- Battle of Cúl Dreimhne: Part of the expansion of the Uí Néill dynasty
| Date | 561 CE |
| Location | Cooladrummon, near Drumcliff, County Sligo |
| Result | Decisive Uí Néill victory |

Belligerents
- Laighin: Uí Néill, Connachta

Commanders and leaders
- Diarmait mac Cerbaill: Fearghus and Domhnall sons of Muircheartach Mac Erc

Strength
- Unknown: Unknown

Casualties and losses
- 3,000: 1

= Battle of Cúl Dreimhne =

Historical battle in Ireland

The battle of Cúl Dreimhne (also known as the Battle of the Book) took place in the 6th century in the túath of Cairbre Drom Cliabh (now County Sligo) in northwest Ireland. The exact date for the battle varies from 555 AD to 561 AD. 560 AD is regarded as the most likely by modern scholars. The battle is notable for being possibly one of the earliest conflicts over copyright in the world.

==Traditional accounts==
Traditional accounts ascribe different reasons for this battle. The most famous is the story about the copying of a book belonging to Saint Finnian by Columcille - an account that first appears in the Life written by Manus O'Donnell, written nearly a thousand years after the alleged events supposedly took place, and therefore a highly unreliable source.

According to O'Donnell, sometime around 560, the Irish abbot and missionary Saint Columba became involved in a quarrel with Saint Finnian of Movilla Abbey over a psalter (traditionally said to be the Cathach of St. Columba). Columba copied the manuscript at the scriptorium under Saint Finnian, intending to keep the copy.
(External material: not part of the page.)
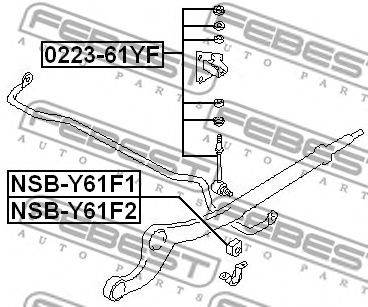 FEBEST NSB-Y61F1 - Stabilizátor szilent NISSAN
Saint Finnian disputed his right to keep the copy. Thus, this dispute was about the ownership of the copy (whether it belonged to Saint Columba because he copied it or whether it belonged to Saint Finnian because he owned the original). King Diarmait mac Cerbaill gave the judgement, "To every cow belongs her calf, therefore to every book belongs its copy."

Columba disagreed with King Diarmait's ruling against him and reportedly instigated a successful rebellion of the Uí Néill clan against the King. The battle was claimed to have caused around 3,000 casualties.

Another traditional reason given for the battle concerns the violation of sanctuary. The Annals Of Tighernach for the year 559, record the death of Curnan son of Aed, son of Eochaid Tirmcharna by Diarmait mac Cerbaill, while Curnan was 'ar comairce Coluim chilli - under Colum Cille's protection'. This Curnan was the son of Aed, the king of Connacht. That Diarmait had violated the sanctuary of the termonn at the Columban monastery of Kells is given as the reason for the battle.

Either way, as a monk who had taken up arms, Colmcille faced judgement for his deeds. It said that the judgement resulted in Columba leaving his homeland for Scotland, where he founded Iona Abbey in 563. The sentence stipulated he was to win as many souls to Christianity as had been lost in the battle. The Chronicles of Iona state that "In the second year after the battle of Cul-drebene, the forty-second year of his age, Columba sailed away from Ireland to Britain wishing to be a pilgrim for Christ." This last note rather contradicts the notion that Columba had been sent away as a punishment: he was rather fulfilling a monastic vocation.

==Modern investigations==

However, these later versions have been disputed by modern scholarship on several grounds,
particularly as early mentions of the battle do not refer to the book incident. It may have been a dynastic battle between the Cinel Cairbre and Diarmait Mac cerbaill who had wrested the kingship at Tara from them after the death of Tuathal Maelgarb.